The global average temperature for September was 60.21 degrees Fahrenheit (15.67 Celsius), tying 2005 as the warmest on record, according to NOAA. It was also the 35th September and the 331st consecutive month that recorded temperatures above the 20th century average.

“The last below-average September temperature was September 1976, and the last below-average temperature for any month was February 1985,” according to the NOAA report.

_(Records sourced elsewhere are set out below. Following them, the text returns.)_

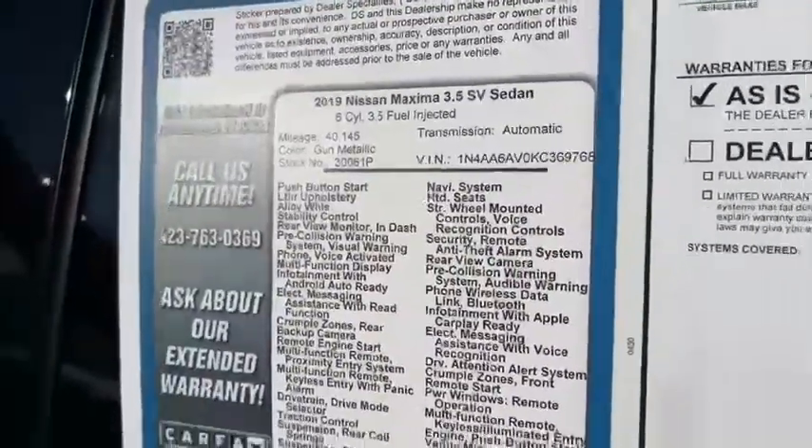Hey everybody, good afternoon. This is Brandon, Mountain View 153. I want to show you one of my favorite vehicles here — this is a 2019 Nissan Maxima SV. Miles are in the 40s. I'm gonna flip around here and show it to you. 19 model SV Maxima.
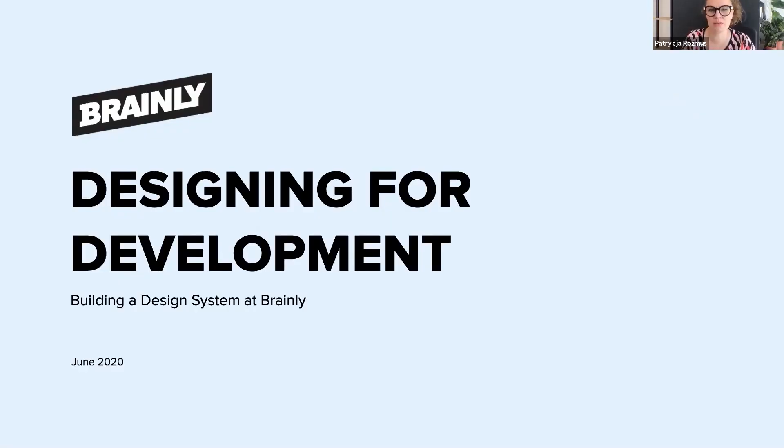Hi, my name is Patricia Rosmus. I'm a design system lead at Brainly, the biggest online learning community in the world. We are still a relatively small company, but at the same time we make a product that is used by over 200 million users in 35 countries, which interestingly creates tensions in development. I will tell you how making a design system looks like in this environment.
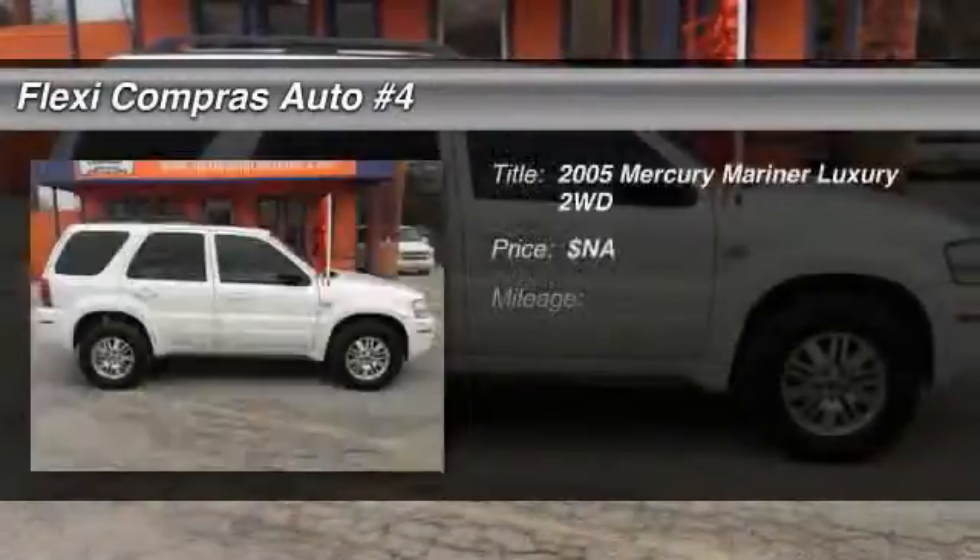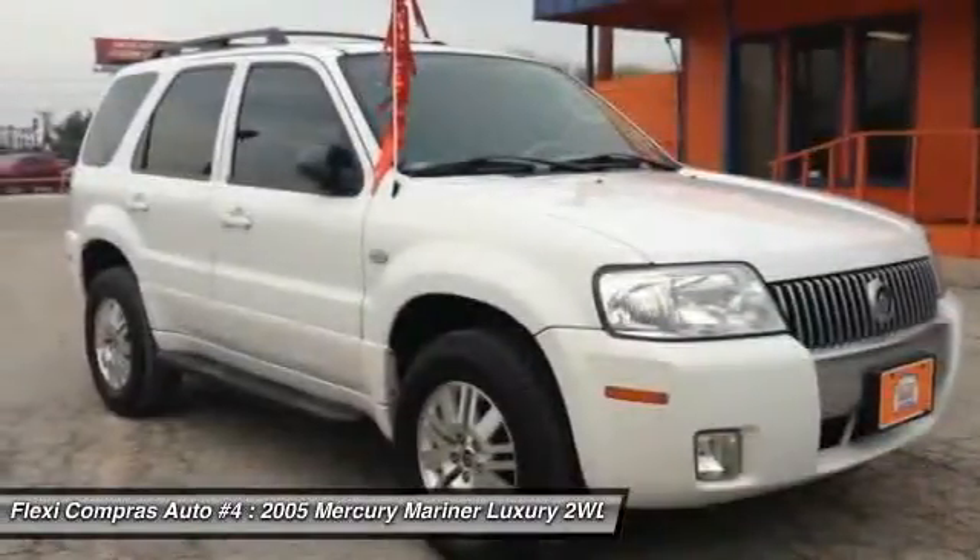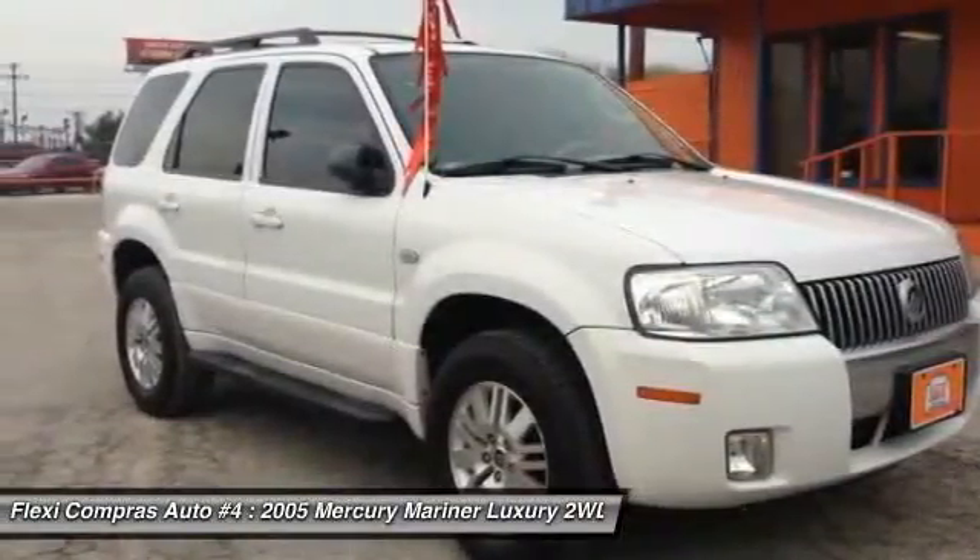The 2005 Mercury Mariner. Room for five passengers, tight, responsive handling, six standard airbags, and savvy functionality are all part of the stylish and powerful Mariner.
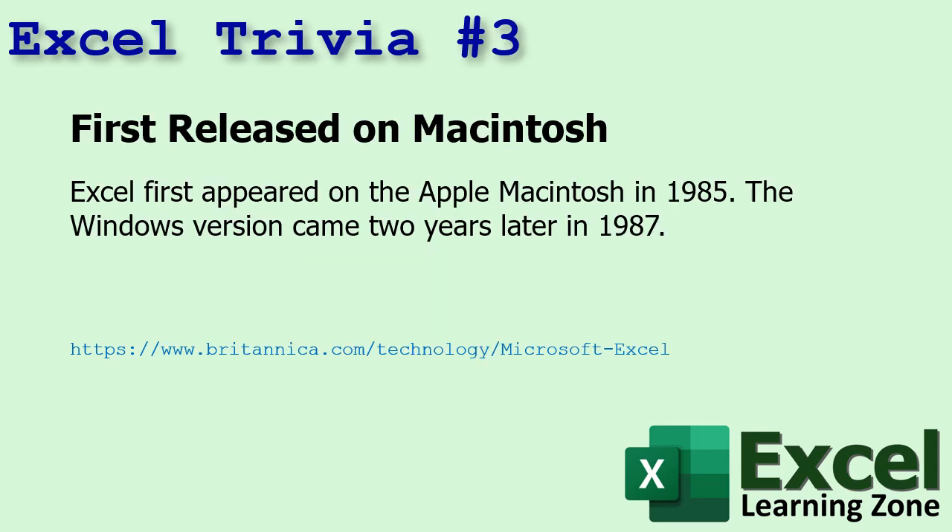Number three: Excel first appeared on the Mac in 1985 — so I wasn't using it, I haven't touched a Mac since then. The Windows version came two years later in 1987. I think I personally started using Excel around 1994 with Access 2.0, which would have lined up with Excel version 5 and Word version 6, right before Windows 95 came out. Office 95 was when it really started getting popular, and Excel 5.0 was my first version.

The high temperatures in the Northern Hemisphere have contributed to widespread drought across the U.S. and eastern Europe, where Hungary is experiencing its worst dry period in 20 years. Corn and soybean prices have risen, taking food prices with them, because of the parched conditions. Traffic on the Mississippi River was also slowed when water levels in shipping channels fell.

The Arctic sea ice also shrank to 1.39 million square miles, or 49 percent below the 1979-2000 average, which was also the lowest monthly mark in the 34-year record.

“More than 4.57 million square miles of ice melted in 2012, the size of the entire United States and Mexico combined,” the report showed. “The largest annual sea ice loss on record for the Arctic.”

In Antarctica, where September marks the transition from winter to spring, the average sea ice extent for the month was 7.49 million square miles breaking the previous mark set in September 2006, according to the report.